United States District Court, D. South Carolina, Beaufort Division
Jul 15, 2024
9:21-cv-01498-DCC (D.S.C. Jul. 15, 2024)

Opinion

9:21-cv-01498-DCC

07-15-2024

Milciades Alcantara, Petitioner, v. Warden of McCormick Correctional Institution, Respondent.


ORDER

Donald C. Coggins, Jr. United States District Judge

Petitioner, proceeding pro se, is seeking habeas corpus relief pursuant to 28 U.S.C. § 2254. ECF No. 1. In accordance with 28 U.S.C. § 636(b) and Local Civil Rule 73.02(B)(2) (D.S.C.), this matter was referred to United States Magistrate Judge Molly H. Cherry for pre-trial proceedings and a Report and Recommendation (“Report”). On March 13, 2024, Respondent filed an Amended Motion for Summary Judgment. ECF No. 61. Petitioner filed a Response in Opposition, and Respondent filed a Reply. ECF Nos. 69, 70. On May 28, 2024, the Magistrate Judge issued a Report recommending that the Motion be granted and the Petition be dismissed with prejudice. ECF No. 75. Petitioner filed objections, and Respondent filed a Reply. ECF Nos. 79, 80.
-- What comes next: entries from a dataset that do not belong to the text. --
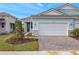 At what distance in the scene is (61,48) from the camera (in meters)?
10.5

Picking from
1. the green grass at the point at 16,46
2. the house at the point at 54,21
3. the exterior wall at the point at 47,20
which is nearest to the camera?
the green grass at the point at 16,46

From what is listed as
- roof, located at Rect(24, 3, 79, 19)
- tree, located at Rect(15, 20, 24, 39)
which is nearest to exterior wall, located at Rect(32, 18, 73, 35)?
roof, located at Rect(24, 3, 79, 19)

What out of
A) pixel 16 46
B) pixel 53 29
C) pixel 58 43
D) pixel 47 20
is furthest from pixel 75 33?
pixel 16 46

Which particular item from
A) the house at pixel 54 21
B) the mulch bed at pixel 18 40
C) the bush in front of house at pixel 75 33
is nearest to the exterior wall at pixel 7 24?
the mulch bed at pixel 18 40

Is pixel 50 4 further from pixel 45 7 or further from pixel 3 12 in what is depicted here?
pixel 3 12

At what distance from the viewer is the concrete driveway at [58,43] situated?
34.5 ft

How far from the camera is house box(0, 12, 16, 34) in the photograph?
1051 centimetres

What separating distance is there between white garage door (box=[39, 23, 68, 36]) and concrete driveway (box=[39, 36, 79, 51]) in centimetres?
30

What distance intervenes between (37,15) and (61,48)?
80.7 inches

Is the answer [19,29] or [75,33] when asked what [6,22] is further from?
[75,33]

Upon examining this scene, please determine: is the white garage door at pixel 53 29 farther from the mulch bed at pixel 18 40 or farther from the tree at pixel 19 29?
the tree at pixel 19 29

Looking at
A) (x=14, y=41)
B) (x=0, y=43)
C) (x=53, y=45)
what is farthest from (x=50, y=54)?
(x=0, y=43)

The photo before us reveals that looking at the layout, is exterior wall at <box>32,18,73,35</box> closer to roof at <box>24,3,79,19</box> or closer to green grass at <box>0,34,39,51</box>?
roof at <box>24,3,79,19</box>

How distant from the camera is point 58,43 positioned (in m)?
10.6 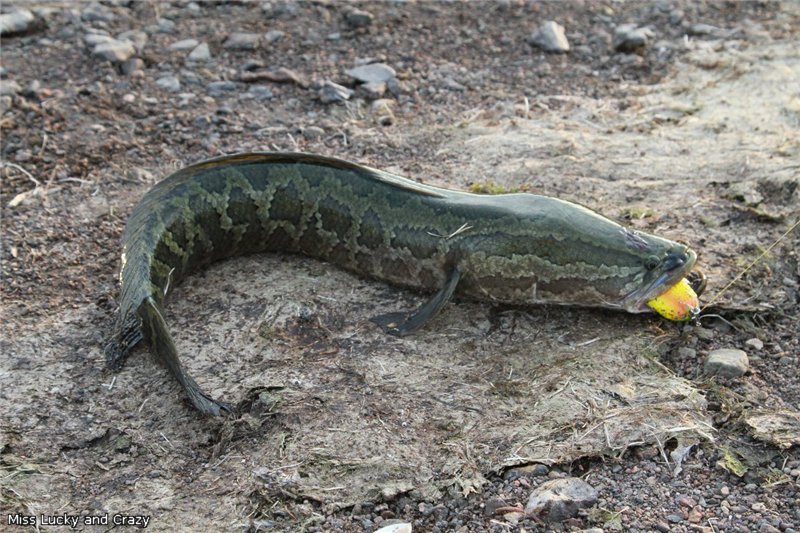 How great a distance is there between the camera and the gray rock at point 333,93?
811 cm

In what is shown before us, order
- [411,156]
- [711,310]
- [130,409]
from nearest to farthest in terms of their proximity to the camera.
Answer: [130,409] → [711,310] → [411,156]

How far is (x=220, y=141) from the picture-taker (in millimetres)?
7574

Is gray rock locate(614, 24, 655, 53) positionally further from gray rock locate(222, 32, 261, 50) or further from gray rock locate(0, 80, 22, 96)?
gray rock locate(0, 80, 22, 96)

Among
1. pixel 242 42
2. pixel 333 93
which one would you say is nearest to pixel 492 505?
pixel 333 93

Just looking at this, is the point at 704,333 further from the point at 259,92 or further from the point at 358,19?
the point at 358,19

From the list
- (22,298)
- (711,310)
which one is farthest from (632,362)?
(22,298)

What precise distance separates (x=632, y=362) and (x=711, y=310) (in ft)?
2.35

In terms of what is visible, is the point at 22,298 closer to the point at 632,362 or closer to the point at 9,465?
the point at 9,465

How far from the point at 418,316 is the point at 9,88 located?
4.52m

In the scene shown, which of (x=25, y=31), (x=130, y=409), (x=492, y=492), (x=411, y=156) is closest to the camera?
(x=492, y=492)

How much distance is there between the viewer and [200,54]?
28.5ft

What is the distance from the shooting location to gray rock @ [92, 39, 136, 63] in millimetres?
8414

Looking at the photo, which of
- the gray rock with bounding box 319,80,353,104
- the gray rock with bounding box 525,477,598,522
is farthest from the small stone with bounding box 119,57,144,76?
the gray rock with bounding box 525,477,598,522

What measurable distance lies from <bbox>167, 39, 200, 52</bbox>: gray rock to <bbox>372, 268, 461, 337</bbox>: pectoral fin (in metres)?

APPLICABLE LAW AND ANALYSIS

Standard of Review

The Magistrate Judge makes only a recommendation to this Court. The recommendation has no presumptive weight, and the responsibility to make a final determination remains with the Court. See Mathews v. Weber, 423 U.S. 261 (1976). The Court is charged with making a de novo determination of any portion of the Report of the Magistrate Judge to which a specific objection is made. The Court may accept, reject, or modify, in whole or in part, the recommendation made by the Magistrate Judge or recommit the matter to the Magistrate Judge with instructions. See 28 U.S.C. § 636(b). The Court will review the Report only for clear error in the absence of an objection. See Diamond v. Colonial Life & Accident Ins. Co., 416 F.3d 310, 315 (4th Cir. 2005) (stating that “in the absence of timely filed objection, a district court need not conduct a de novo review, but instead must only satisfy itself that there is no clear error on the face of the record in order to accept the recommendation.” (citation omitted)).

Habeas Corpus

Petitioner's claims are governed by 28 U.S.C. § 2254(d), which provides that his petition cannot be granted unless the claims “(1) resulted in a decision that was contrary to, or involved an unreasonable application of, clearly established Federal law, as determined by the Supreme Court of the United States; or (2) resulted in a decision that was based on an unreasonable determination of the facts in light of the evidence presented in the State court proceeding.” 28 U.S.C. § 2254(d). “[A] federal habeas court may not issue the writ simply because that court concludes in its independent judgment that the relevant state-court decision applied clearly established federal law erroneously or incorrectly. Rather, that application must also be unreasonable.” Williams v. Taylor, 529 U.S. 362, 411 (2000). Importantly, “a determination of a factual issue made by a State court shall be presumed to be correct,” and Petitioner has “the burden of rebutting the presumption of correctness by clear and convincing evidence.” 28 U.S.C. § 2254(e)(1).

Procedural Bypass

Procedural bypass, sometimes referred to as procedural bar or procedural default, is the doctrine applied when a petitioner seeks habeas corpus relief based on an issue he failed to raise at the appropriate time in state court, removing any further means of bringing that issue before the state courts. In such a situation, the petitioner has bypassed his state remedies and, as such, is procedurally barred from raising the issue in his federal habeas petition. See Smith v. Murray, 477 U.S. 527, 533 (1986). The United States Supreme Court has stated that the procedural bypass of a constitutional claim in earlier state proceedings forecloses consideration by the federal courts. Id. Bypass can occur at any level of the state proceedings if a state has procedural rules that bar its courts from considering claims not raised in a timely fashion. Id.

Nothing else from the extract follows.